Omit all images, then repeat exactly the lines below from the one containing "Palmeiras retro 19/20 - Imagen 10" through the one containing "Kenmore Refrigerator Door Handle 242125910", both ends included.

Input data>
____________________

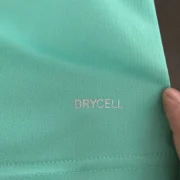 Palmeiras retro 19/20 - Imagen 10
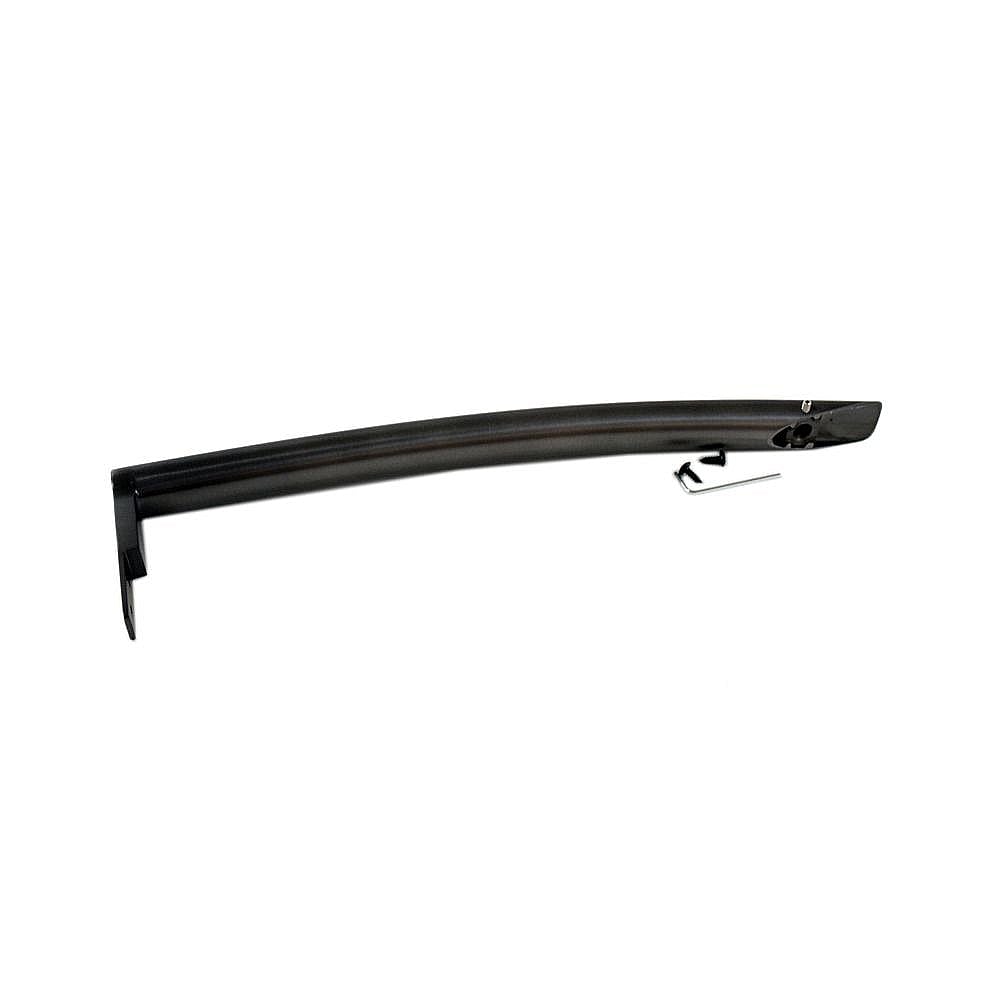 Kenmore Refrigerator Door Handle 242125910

____________________

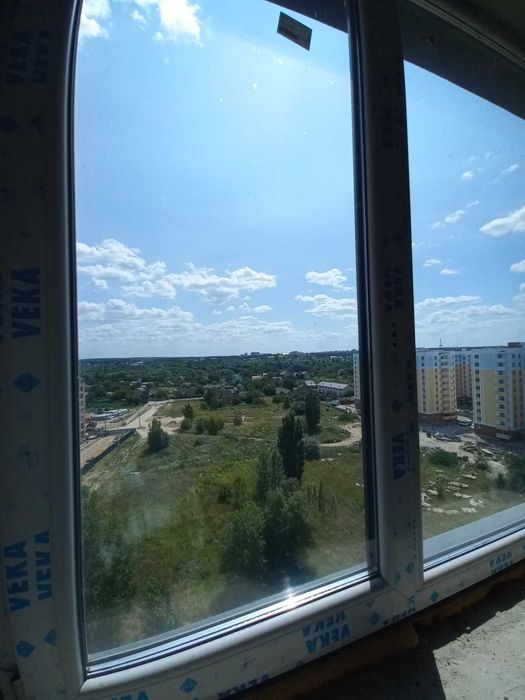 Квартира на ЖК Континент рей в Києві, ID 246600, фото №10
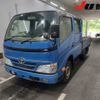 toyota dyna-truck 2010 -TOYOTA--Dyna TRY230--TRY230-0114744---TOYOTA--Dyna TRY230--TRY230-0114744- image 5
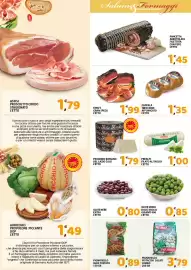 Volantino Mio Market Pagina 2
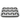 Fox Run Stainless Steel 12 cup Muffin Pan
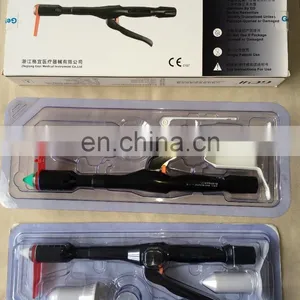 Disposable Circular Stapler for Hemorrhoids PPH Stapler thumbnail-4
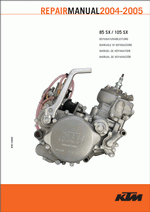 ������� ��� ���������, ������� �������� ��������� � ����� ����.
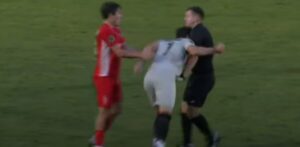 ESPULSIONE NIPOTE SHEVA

____________________

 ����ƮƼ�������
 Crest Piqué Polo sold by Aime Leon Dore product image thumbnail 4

____________________

Reply to the task>
 Palmeiras retro 19/20 - Imagen 10
 Kenmore Refrigerator Door Handle 242125910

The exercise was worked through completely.